__Data supplied__
*** Block opens ***

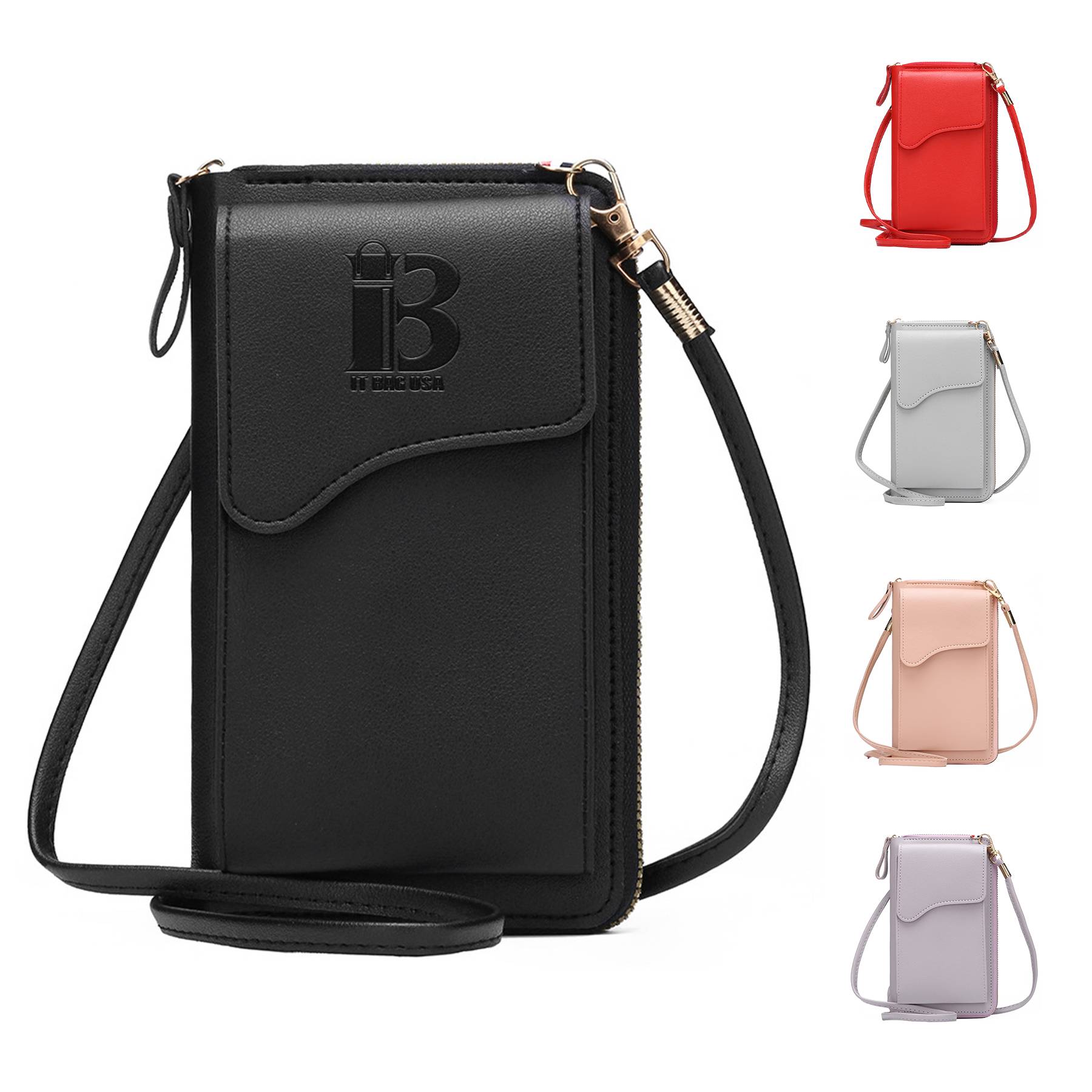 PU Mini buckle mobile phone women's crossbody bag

*** Block closes ***
*** Block opens ***

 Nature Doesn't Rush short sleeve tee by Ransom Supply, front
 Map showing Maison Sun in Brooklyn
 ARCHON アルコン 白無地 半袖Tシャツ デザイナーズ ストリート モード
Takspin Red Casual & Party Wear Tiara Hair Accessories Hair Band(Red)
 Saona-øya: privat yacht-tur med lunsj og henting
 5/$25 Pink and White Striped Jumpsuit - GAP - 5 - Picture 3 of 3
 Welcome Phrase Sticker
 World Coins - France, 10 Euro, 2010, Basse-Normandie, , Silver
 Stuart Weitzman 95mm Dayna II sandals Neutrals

*** Block closes ***

__Description of the task__
Take the records above and return, word for word, only the lines that fall from the line with "Welcome Phrase Sticker" to the line with "Stuart Weitzman 95mm", both of them included.

__Response box__
 Welcome Phrase Sticker
 World Coins - France, 10 Euro, 2010, Basse-Normandie, , Silver
 Stuart Weitzman 95mm Dayna II sandals Neutrals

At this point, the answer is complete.